▸ PROMPT:
Copy the listing exactly, images excluded.

**** GIVEN DATA

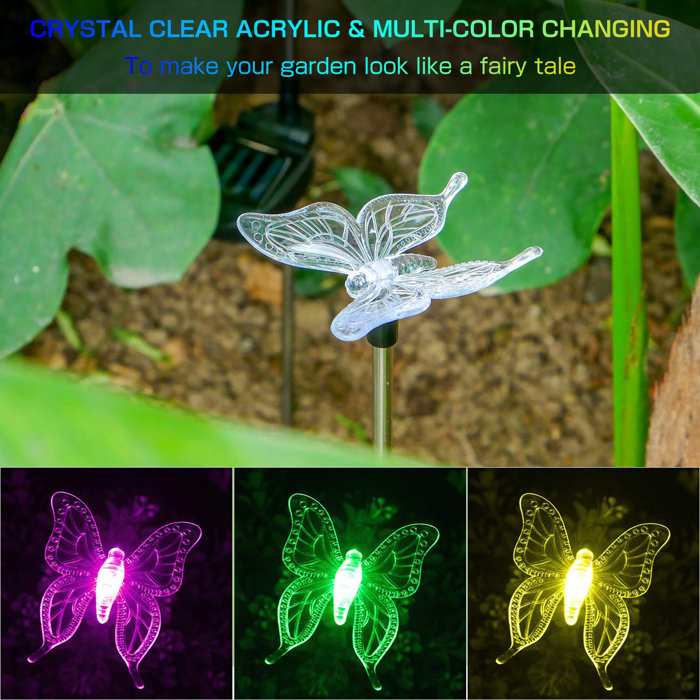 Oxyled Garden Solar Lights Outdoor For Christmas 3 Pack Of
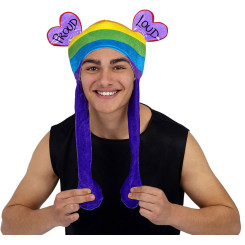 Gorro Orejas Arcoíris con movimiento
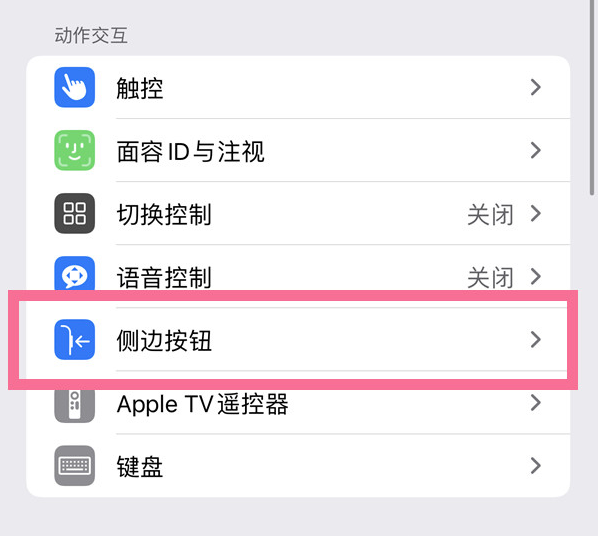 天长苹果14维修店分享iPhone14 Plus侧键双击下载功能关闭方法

********

▸ RESPONSE FOR THIS EXERCISE:
 Oxyled Garden Solar Lights Outdoor For Christmas 3 Pack Of
 Gorro Orejas Arcoíris con movimiento
 天长苹果14维修店分享iPhone14 Plus侧键双击下载功能关闭方法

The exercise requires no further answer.